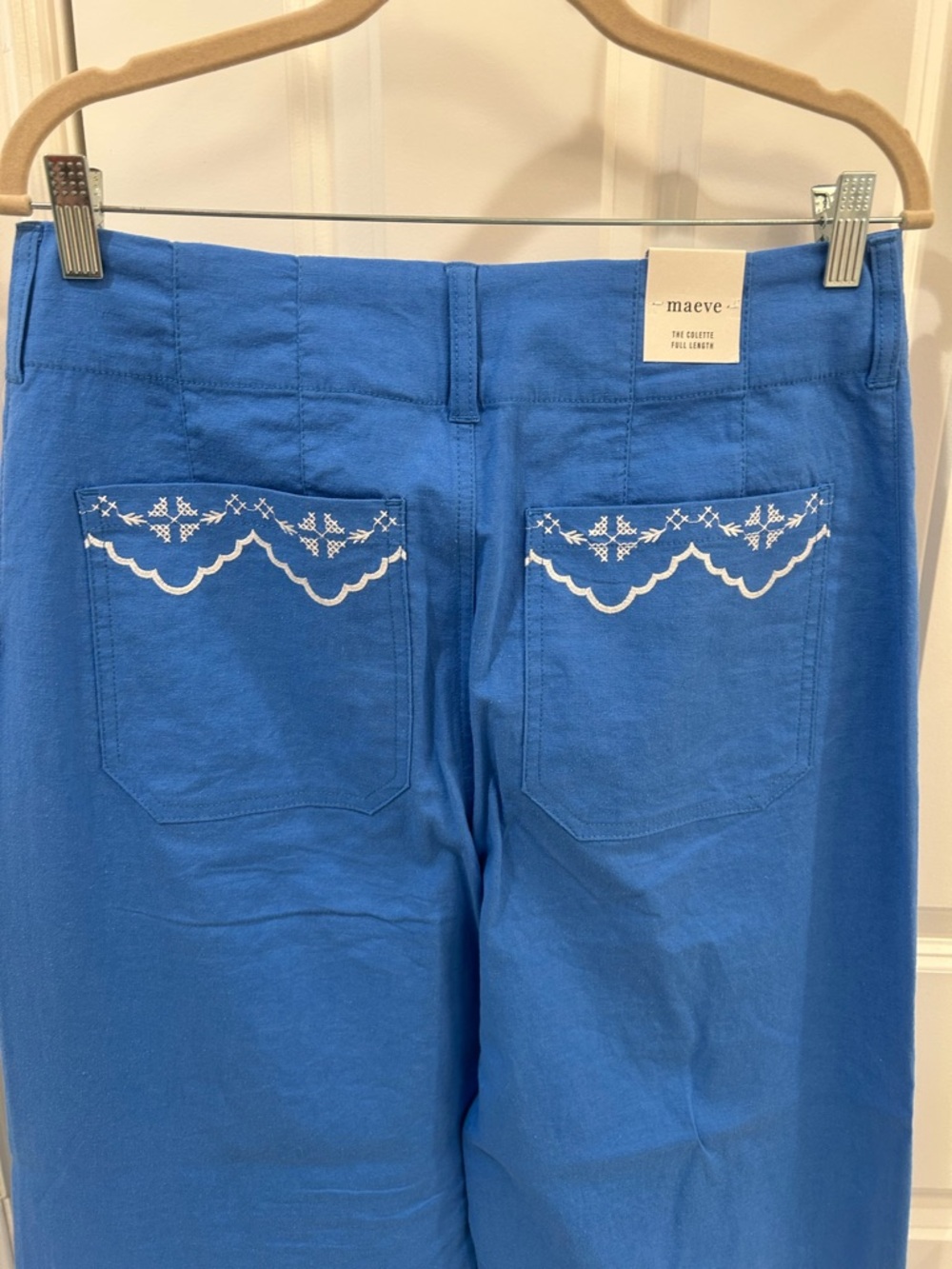 Anthropologie Colette Blue Linen Lace Trim Full Length Wide Leg Pants Maeve 30 - Picture 8 of 12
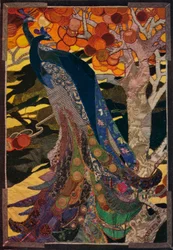 Panel z pawiem w patchworku, ok. 1920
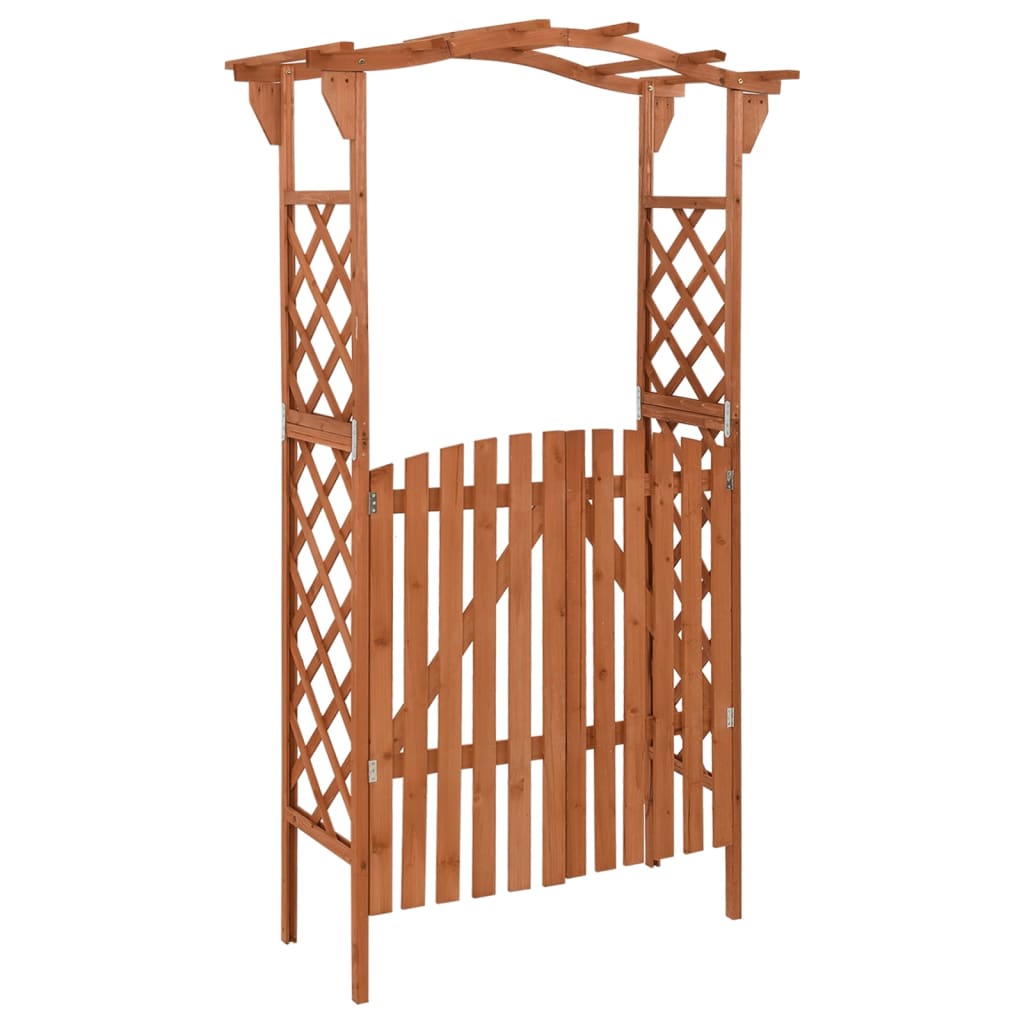 Pergola Med Grind 116X40X204 Cm Massivt Granträ
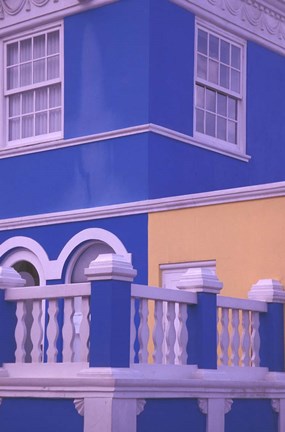 Framed Blue Building and Detail, Willemstad, Curacao, Caribbean Print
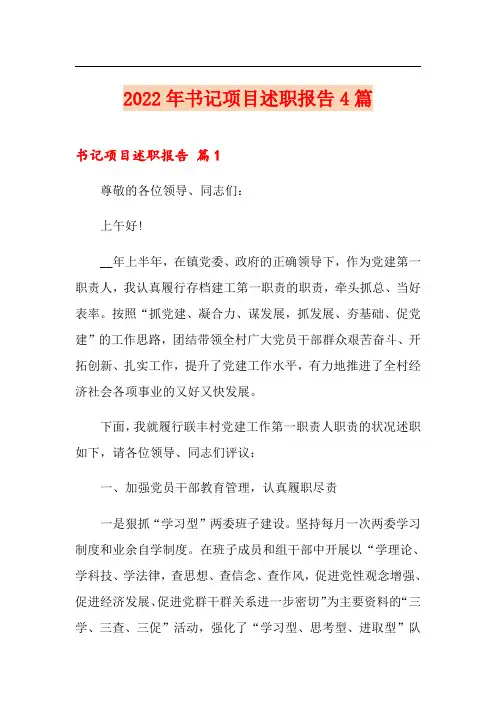 2022年书记项目述职报告4篇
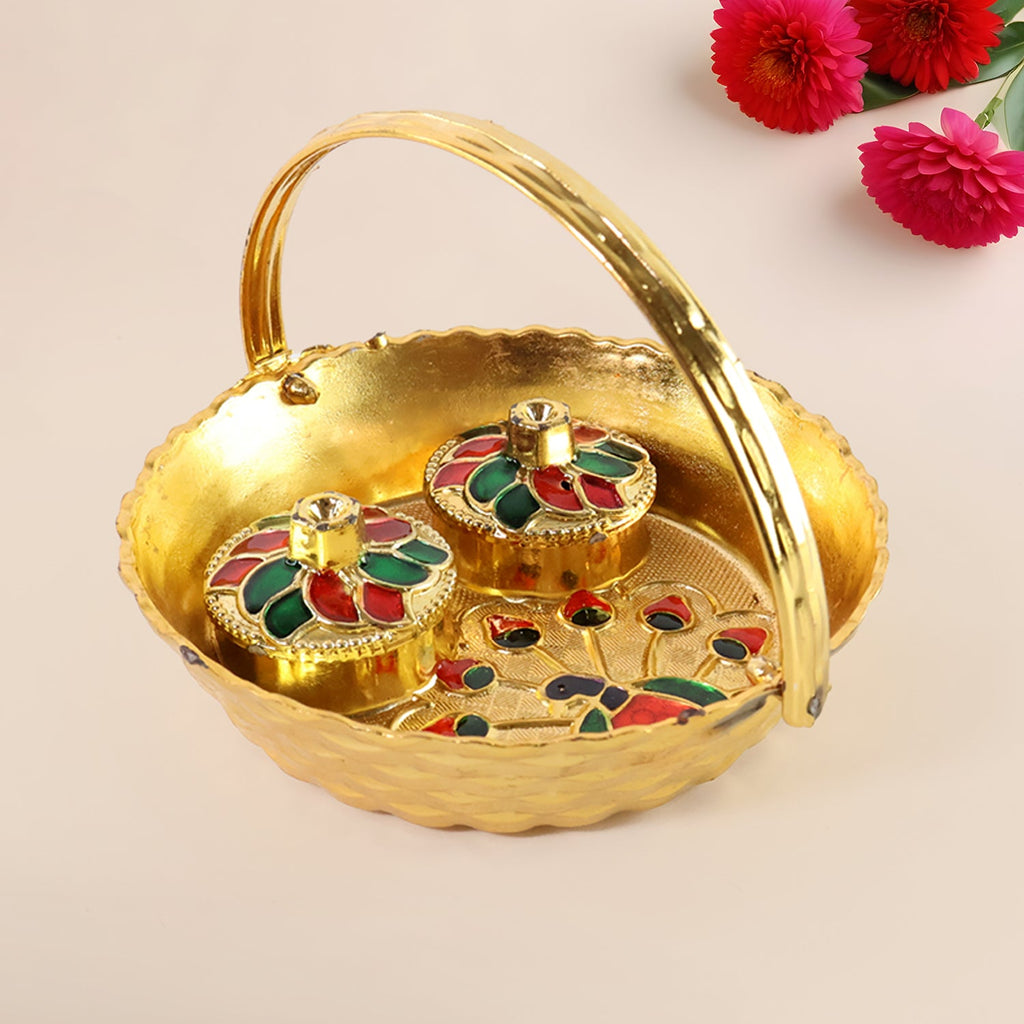 Peacock Meenakari Pooja tray - (1 Pc)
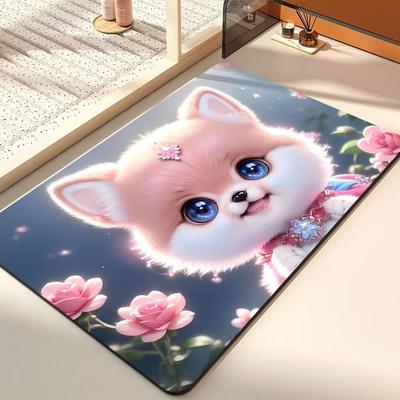 Diatom Mud Suction Mat Cartoon Cute Puppy Bathroom Floor Mat Toilet Toilet Door Non-slip Door Mat Quick Drying Mat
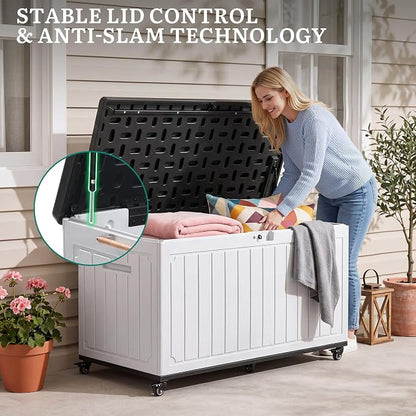 YITAHOME 90 Gallon Outdoor Storage Box with 6 Swivel Wheels & Dual Wooden | Large Double-Wall Resin Deck Box, Lockable Waterproof Patio Organizer for Furniture, Cushions, White & Black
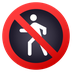 Bagaimana No Pedestrians emoji terlihat di Joypixels.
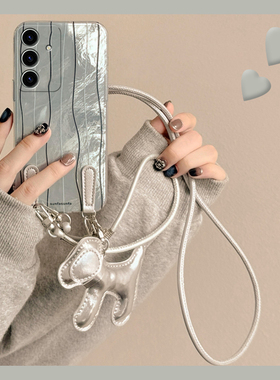 简约黑白线条适用三星s25edge手机壳s24plus银色s23+十s22小狗s21fe挂件s20ultra斜挎s10可背带s9软s8/note20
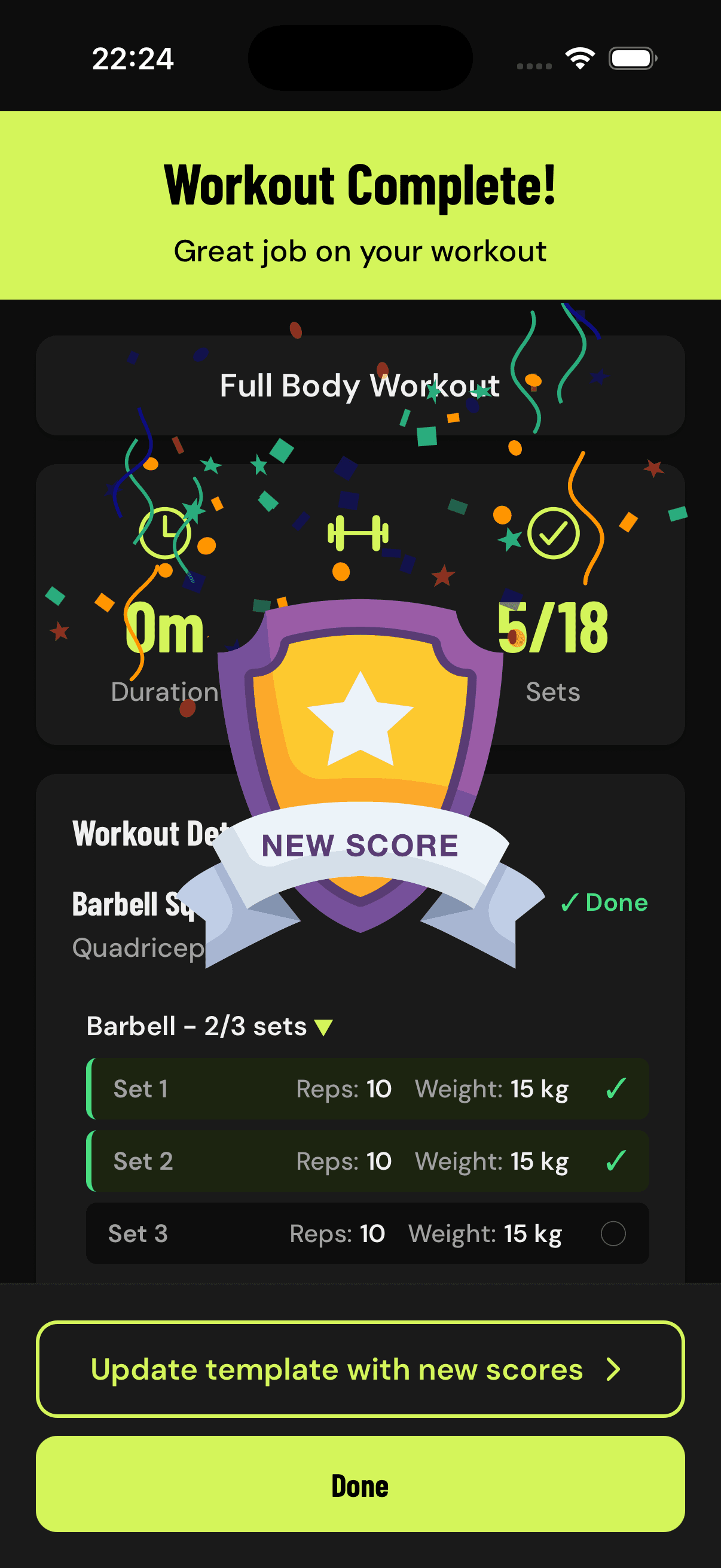 GainLogger workout complete screen with summary and achievements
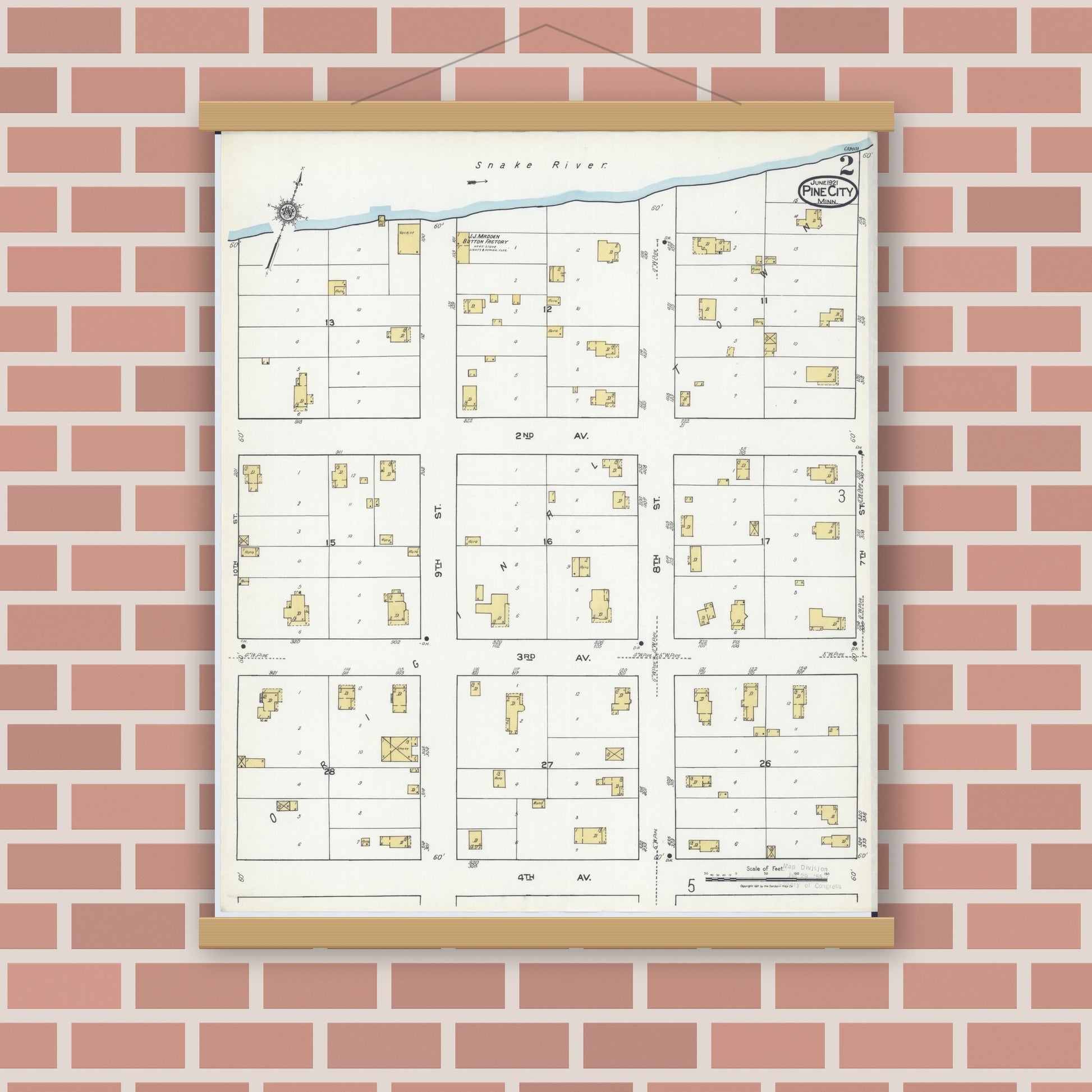 Old map wall art mockup — magnetic wood frame on brick wall — Sanborn Fire Insurance Map from Pine City, Pine County, Minnesota (1921), Sheet #0002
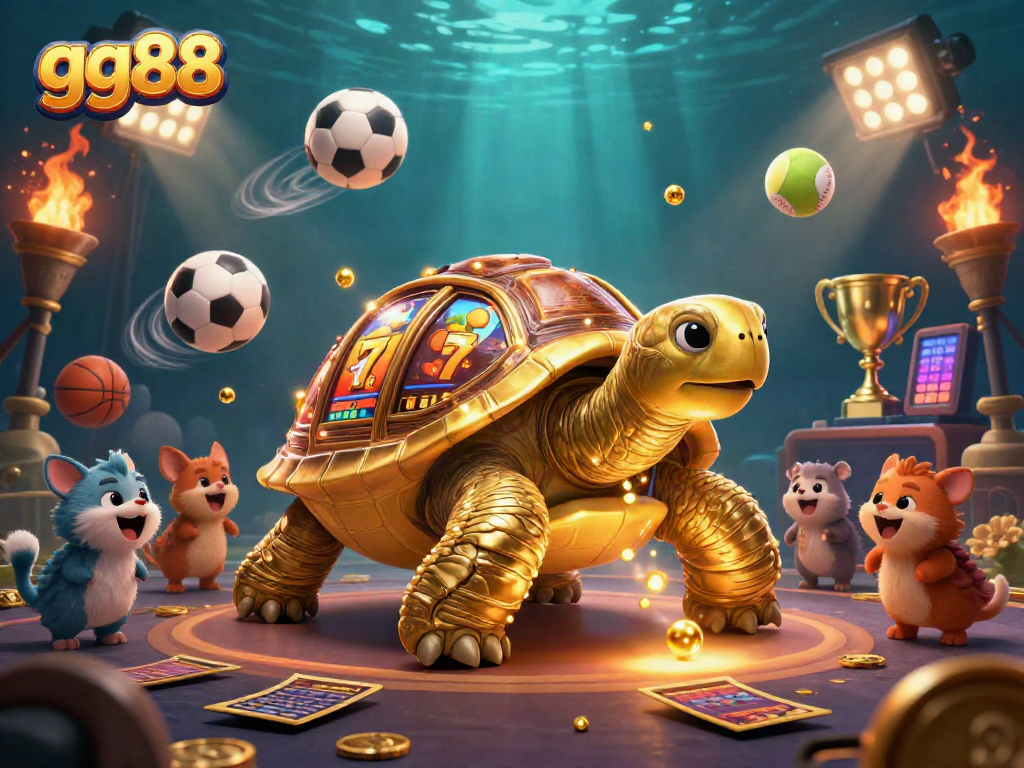Experience thrilling gameplay with gg88's colossal golden tortoise pinball machine illustration, featuring casino elements.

• WHAT THE EXERCISE ASKS: Your output is the lines from the top of the entries through the line containing "2022年书记项目述职报告4篇", exactly as they stand. No pictures belong in it.

• RESULT FOR THIS TASK:
 Anthropologie Colette Blue Linen Lace Trim Full Length Wide Leg Pants Maeve 30 - Picture 8 of 12
 Panel z pawiem w patchworku, ok. 1920
 Pergola Med Grind 116X40X204 Cm Massivt Granträ
 Framed Blue Building and Detail, Willemstad, Curacao, Caribbean Print
 2022年书记项目述职报告4篇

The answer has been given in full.